A perch for tougher antitrust enforcement
Klobuchar pointed to her bipartisan approach to work inside the Senate antitrust subcommittee in her 2015 memoir, “The Senator Next Door.” “Mike Lee and I have teamed up to co-chair the Judiciary Committee’s Antitrust Subcommittee and nearly every letter and announcement we’ve produced on that important subcommittee has been the result of collaboration,” she wrote regarding Republican Sen. Mike Lee of Utah, currently the ranking member of that body.
Klobuchar’s antitrust reform legislation seems to get much of her attention. She’s currently writing a book on that topic, slated to publish in April.
Antitrust lawyers say her place heading that subcommittee, along with her seat on the Senate Commerce Committee – which will decide on commissioners and a permanent chairman for the FTC, the other agency overseeing antitrust alongside the DOJ – give her a powerful platform to push her Competition and Antitrust Law Enforcement Reform Act.
“Today, consolidation and anti-competitive behavior disadvantage consumers and small businesses across our economy – from agriculture to pharmaceuticals,” Klobuchar told Digiday. “I introduced the Competition and Antitrust Law Enforcement Reform Act to overhaul enforcement, modernize our laws, and build an economy that can compete globally and thrive in the twenty-first century.”

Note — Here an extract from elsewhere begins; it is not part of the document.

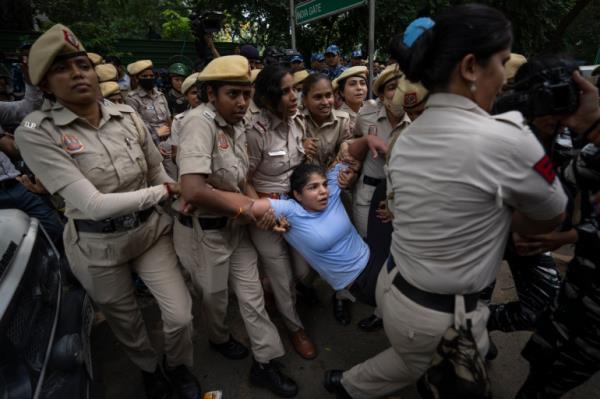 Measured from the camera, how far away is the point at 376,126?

“She’s going to have the chair of the committee. I think her bill will be a jumping off point for a lot of dialog about what antitrust legislation might look like,” said Haidee Schwartz, a former FTC acting deputy director of the bureau of competition and a partner in the antitrust group at Akin, Gump, Strauss, Hauer and Feld.
The bill would give the DOJ and FTC a cash infusion and create a new Market Analysis Division that could help the FTC understand the intricacies of how acquisitions and mergers affect sometimes opaque and complex industry sectors in tech and beyond.
“I think she’s well-respected and she tends to be a person who can put bipartisan coalitions together,” said Barry Pupkin, a senior partner focused on antitrust at law firm Squire Patton Boggs. “She’s got as good a chance as any to get something like this through.”